I have since realized that the broader iteration interface uses `next` quite often.
So I have changed the implementation of accessing the value to this:

``````# According to the iterate interface you are suppose to destructure next so we just need to hijack this for the prototype
@inline function Base.indexed_iterate(t::Tuple{IE,Tuple{TransformedIterator{B,I,IE,F},S}}, i::Int, state=1) where { B,IE,I,S, F<:Function}
Base.@_inline_meta
if i == 1
v=t
return v, i+1
else
return getfield(t, i), i+1
end
end

@inline function Base.getindex(t::Tuple{IE,Tuple{TransformedIterator{B,I,IE,F},S}}, i::Int) where { B,IE,I,S, F<:Function}
if i == 1
@inbounds f=getfield(t,2).f
@inbounds vi=getfield(t,1)
return f(vi)
elseif i==2
@inbounds return getfield(t,2)
else
return nothing
end
end
``````

The very strangely I found out that the optimizer is very sensitive to order of operations so we need:

``````@noinline function Base.mapfoldl_impl(f, op, nt::NamedTuple{(:init,)}, itr, i...)
init = nt.init
# Unroll the while loop once; if init is known, the call to op may
# be evaluated at compile time
y = iterate(itr, i...)
y === nothing && return init
v = init
while true
val, state = y
v = op(v, f(val))
y = iterate(itr, state)
y === nothing && break
end
return v
end
``````

Here are some further benchmarks which I think give further merit to it:

``````using Statistics

function benchmarker(fun ,a::Vector)
ba = @benchmark \$fun(\$a)
iter=TransformedArrayIterator(a)
bi = @benchmark \$fun(\$iter)
equiv= fun(a)==fun(iter)
println("\$fun  array: \$(median(ba))    ===equivilent: \$equiv ====>   transformed: \$(median(bi))")
end

function enumerated_sum(iter::T) where T
ret=eltype(iter)(0)
for (n,v) in enumerate(iter)
ret=ret+v
end
return ret
end
function zipped_sum(iter)
ret=eltype(iter)(0)
for (v1,v2) in zip(iter,iter)
ret=ret+v1
end
return ret
end
function findfirst_test(iter)
findfirst(v->v<200,iter)
end
``````

Results:

``````julia> benchmarker(maximum,a)
maximum  array: TrialEstimate(645.315 ns)    ===equivilent: true ====>   transformed: TrialEstimate(152.902 ns)

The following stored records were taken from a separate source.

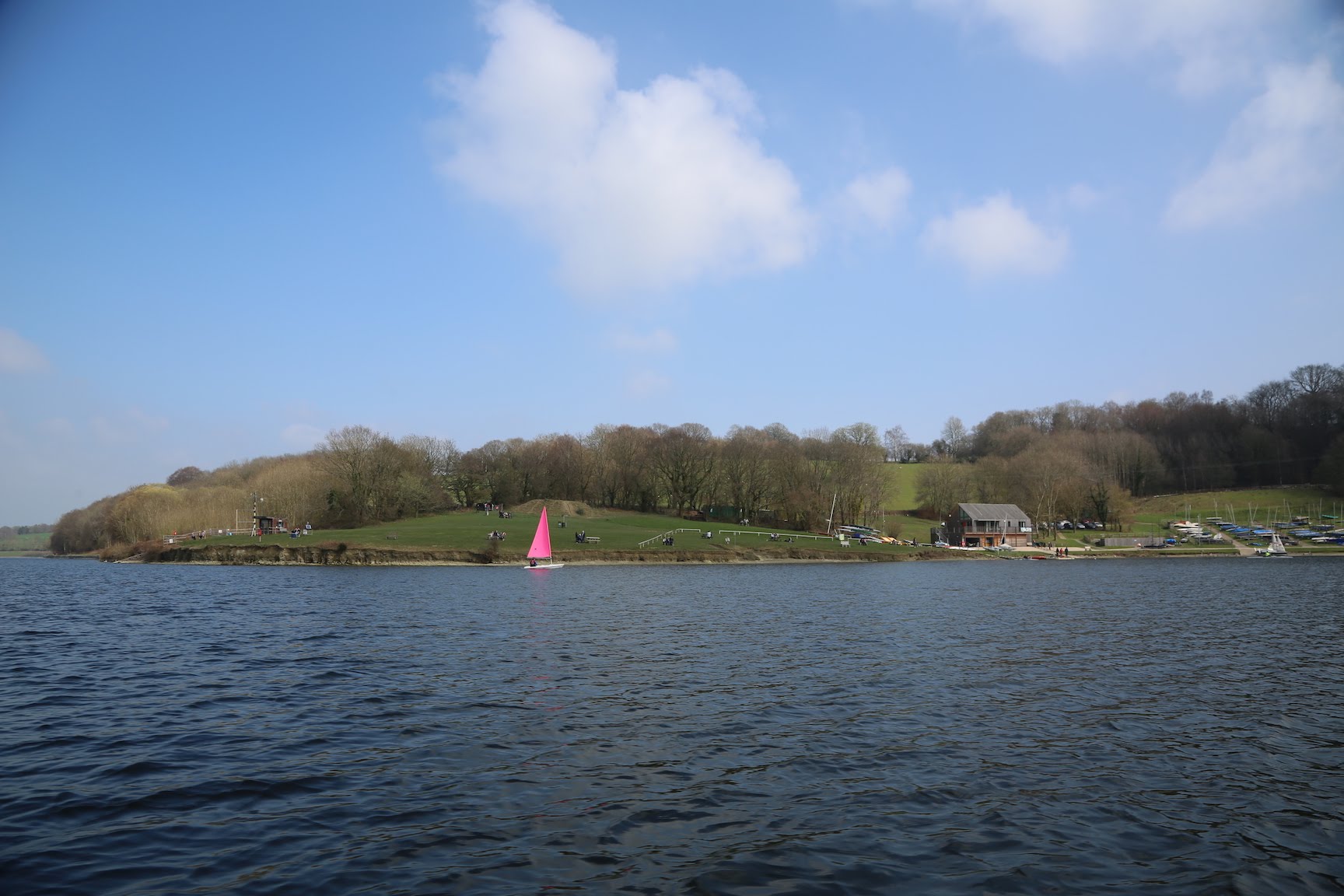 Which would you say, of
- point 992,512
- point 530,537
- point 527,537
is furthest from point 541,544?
point 992,512

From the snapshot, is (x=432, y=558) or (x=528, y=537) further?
(x=528, y=537)

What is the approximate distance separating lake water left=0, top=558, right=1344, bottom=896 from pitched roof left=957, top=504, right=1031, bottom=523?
92029 millimetres

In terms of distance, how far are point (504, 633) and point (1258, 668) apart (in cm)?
2454

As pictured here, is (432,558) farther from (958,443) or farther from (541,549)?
(958,443)

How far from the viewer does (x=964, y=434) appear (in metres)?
199

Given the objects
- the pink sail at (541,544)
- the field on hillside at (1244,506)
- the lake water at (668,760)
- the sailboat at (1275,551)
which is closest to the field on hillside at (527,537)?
the pink sail at (541,544)

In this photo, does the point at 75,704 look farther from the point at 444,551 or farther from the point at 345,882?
the point at 444,551

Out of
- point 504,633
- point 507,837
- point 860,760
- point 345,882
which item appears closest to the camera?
point 345,882

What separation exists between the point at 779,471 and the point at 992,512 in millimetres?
34107

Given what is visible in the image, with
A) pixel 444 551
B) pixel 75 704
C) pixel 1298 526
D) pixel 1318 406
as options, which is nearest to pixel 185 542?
pixel 444 551

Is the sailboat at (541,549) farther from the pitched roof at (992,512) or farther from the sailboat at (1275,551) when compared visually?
the sailboat at (1275,551)

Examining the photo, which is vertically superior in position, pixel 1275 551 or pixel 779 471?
pixel 779 471

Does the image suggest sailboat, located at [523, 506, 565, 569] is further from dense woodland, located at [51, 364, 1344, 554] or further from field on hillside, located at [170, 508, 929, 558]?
dense woodland, located at [51, 364, 1344, 554]

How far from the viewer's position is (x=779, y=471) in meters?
124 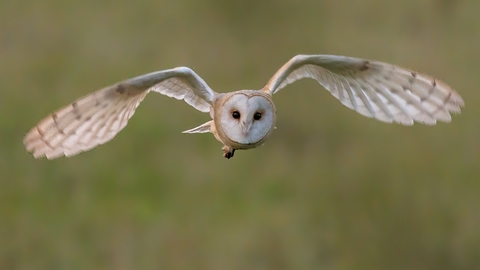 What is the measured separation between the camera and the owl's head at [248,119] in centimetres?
91

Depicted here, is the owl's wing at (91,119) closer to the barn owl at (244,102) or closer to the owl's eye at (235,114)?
the barn owl at (244,102)

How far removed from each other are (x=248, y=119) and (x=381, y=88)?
33cm

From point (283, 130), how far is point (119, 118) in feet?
5.12

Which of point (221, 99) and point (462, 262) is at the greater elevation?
point (221, 99)

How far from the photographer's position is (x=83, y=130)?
3.17 ft

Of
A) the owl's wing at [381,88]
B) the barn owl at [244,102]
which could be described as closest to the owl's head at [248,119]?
the barn owl at [244,102]

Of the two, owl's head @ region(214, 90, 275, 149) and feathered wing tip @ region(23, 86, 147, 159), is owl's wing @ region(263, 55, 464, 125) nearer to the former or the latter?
owl's head @ region(214, 90, 275, 149)

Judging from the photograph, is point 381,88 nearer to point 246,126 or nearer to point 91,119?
point 246,126

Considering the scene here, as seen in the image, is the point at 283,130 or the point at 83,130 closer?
the point at 83,130

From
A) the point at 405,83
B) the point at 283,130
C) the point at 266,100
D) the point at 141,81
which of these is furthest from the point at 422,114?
the point at 283,130

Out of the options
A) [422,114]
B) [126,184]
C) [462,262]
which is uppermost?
[422,114]

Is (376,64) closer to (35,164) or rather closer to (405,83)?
(405,83)

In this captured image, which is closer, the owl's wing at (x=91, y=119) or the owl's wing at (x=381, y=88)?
the owl's wing at (x=91, y=119)

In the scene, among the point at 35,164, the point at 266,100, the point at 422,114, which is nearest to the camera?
the point at 266,100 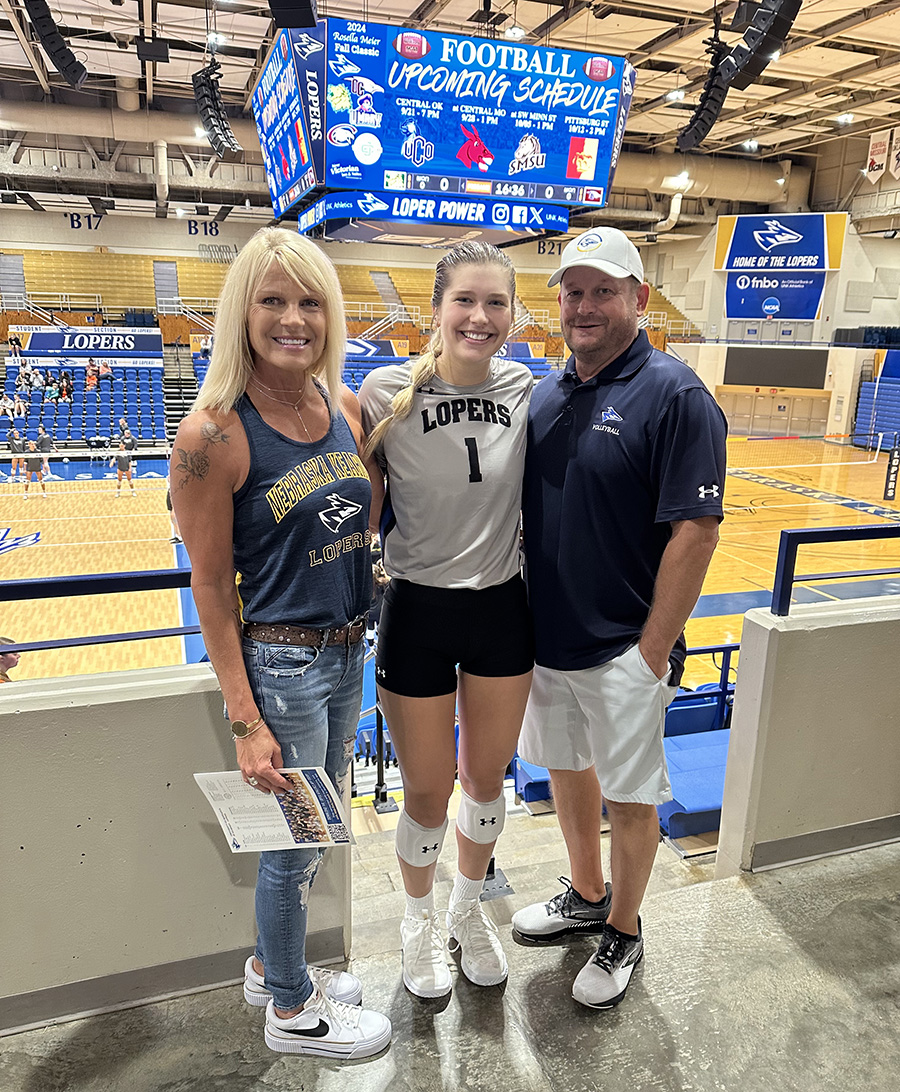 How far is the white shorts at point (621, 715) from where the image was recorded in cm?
185

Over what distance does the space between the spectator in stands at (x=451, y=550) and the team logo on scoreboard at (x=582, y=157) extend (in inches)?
334

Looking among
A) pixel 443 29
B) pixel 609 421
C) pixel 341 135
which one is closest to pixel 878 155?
pixel 443 29

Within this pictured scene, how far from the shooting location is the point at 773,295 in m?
21.2

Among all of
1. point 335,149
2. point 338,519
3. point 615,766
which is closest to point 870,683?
point 615,766

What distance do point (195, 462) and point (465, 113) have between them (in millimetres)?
8414

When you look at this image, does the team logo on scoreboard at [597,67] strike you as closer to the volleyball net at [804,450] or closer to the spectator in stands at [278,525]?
the spectator in stands at [278,525]

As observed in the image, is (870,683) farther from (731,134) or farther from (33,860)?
(731,134)

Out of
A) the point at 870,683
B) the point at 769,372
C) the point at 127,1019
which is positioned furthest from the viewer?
the point at 769,372

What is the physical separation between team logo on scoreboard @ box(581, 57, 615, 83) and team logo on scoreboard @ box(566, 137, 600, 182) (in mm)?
660

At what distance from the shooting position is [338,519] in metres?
1.54

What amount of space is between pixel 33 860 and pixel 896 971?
207cm

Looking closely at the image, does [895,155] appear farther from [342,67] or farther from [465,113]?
[342,67]

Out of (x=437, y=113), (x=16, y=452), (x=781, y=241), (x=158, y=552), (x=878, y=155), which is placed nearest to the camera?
(x=437, y=113)

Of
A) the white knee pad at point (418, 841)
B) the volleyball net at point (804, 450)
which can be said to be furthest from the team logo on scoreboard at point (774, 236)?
the white knee pad at point (418, 841) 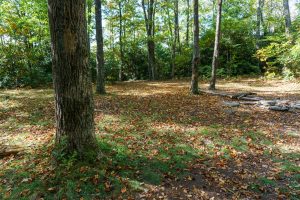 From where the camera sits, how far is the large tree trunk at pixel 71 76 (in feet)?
11.7

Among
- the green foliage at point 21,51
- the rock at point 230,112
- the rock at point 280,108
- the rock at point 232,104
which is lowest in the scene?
the rock at point 230,112

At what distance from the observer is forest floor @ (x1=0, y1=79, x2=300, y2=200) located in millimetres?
3639

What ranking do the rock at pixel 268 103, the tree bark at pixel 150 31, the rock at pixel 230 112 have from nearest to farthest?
the rock at pixel 230 112 → the rock at pixel 268 103 → the tree bark at pixel 150 31

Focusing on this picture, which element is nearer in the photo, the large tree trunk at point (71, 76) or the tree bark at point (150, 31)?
the large tree trunk at point (71, 76)

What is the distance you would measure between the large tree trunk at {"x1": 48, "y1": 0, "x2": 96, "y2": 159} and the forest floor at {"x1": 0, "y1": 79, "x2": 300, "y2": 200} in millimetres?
399

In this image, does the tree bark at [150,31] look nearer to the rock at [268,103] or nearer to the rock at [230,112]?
the rock at [268,103]

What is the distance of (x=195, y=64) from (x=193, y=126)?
184 inches

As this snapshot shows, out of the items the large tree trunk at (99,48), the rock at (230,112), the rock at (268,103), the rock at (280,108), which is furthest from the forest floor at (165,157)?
the large tree trunk at (99,48)

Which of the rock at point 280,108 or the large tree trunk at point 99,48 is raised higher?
the large tree trunk at point 99,48

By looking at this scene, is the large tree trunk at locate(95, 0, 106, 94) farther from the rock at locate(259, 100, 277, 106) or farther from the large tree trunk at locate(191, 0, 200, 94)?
the rock at locate(259, 100, 277, 106)

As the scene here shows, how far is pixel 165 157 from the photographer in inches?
186

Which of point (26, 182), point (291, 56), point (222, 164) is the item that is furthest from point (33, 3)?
point (291, 56)

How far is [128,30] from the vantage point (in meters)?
20.5

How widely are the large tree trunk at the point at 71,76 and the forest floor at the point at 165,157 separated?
0.40 m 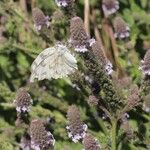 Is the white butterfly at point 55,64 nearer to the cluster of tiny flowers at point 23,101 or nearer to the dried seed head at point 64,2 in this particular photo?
the cluster of tiny flowers at point 23,101

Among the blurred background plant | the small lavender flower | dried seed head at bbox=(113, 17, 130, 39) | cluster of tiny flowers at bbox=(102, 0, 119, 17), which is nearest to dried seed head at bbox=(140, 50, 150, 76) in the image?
the blurred background plant

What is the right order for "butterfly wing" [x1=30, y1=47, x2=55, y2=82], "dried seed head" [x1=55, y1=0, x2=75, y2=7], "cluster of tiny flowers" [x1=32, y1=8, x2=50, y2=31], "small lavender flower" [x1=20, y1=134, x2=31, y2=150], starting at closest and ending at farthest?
"butterfly wing" [x1=30, y1=47, x2=55, y2=82]
"dried seed head" [x1=55, y1=0, x2=75, y2=7]
"small lavender flower" [x1=20, y1=134, x2=31, y2=150]
"cluster of tiny flowers" [x1=32, y1=8, x2=50, y2=31]

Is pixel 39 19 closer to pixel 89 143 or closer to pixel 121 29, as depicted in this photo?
pixel 121 29

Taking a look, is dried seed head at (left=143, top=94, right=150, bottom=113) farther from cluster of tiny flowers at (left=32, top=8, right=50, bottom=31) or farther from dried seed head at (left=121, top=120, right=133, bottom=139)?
cluster of tiny flowers at (left=32, top=8, right=50, bottom=31)

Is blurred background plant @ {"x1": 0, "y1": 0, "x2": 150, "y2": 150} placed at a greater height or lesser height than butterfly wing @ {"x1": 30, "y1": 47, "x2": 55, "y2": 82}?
greater

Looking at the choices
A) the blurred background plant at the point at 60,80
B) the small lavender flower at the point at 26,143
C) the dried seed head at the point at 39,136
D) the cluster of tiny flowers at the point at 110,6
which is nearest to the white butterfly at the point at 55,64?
the blurred background plant at the point at 60,80

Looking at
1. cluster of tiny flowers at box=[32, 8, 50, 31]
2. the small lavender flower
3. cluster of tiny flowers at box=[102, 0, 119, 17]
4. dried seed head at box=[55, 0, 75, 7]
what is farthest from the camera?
cluster of tiny flowers at box=[102, 0, 119, 17]

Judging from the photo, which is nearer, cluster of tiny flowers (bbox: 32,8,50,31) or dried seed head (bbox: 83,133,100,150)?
dried seed head (bbox: 83,133,100,150)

julia> benchmarker(enumerated_sum,a)
enumerated_sum  array: TrialEstimate(83.802 ns)    ===equivilent: true ====>   transformed: TrialEstimate(440.394 ns)

julia> benchmarker(zipped_sum,a)
zipped_sum  array: TrialEstimate(725.714 ns)    ===equivilent: true ====>   transformed: TrialEstimate(77.211 ns)

julia> benchmarker(findfirst_test,a)
findfirst_test  array: TrialEstimate(717.482 ns)    ===equivilent: true ====>   transformed: TrialEstimate(617.483 ns)
``````

enumerate is arguably a little strange right now, further simplification could clean this up I am sure.

Potentially the best idea would be to allow iterate to return a non-tuple, so long as `getindex` & `indexed_iterate` is defined for the type, this should be non-breaking.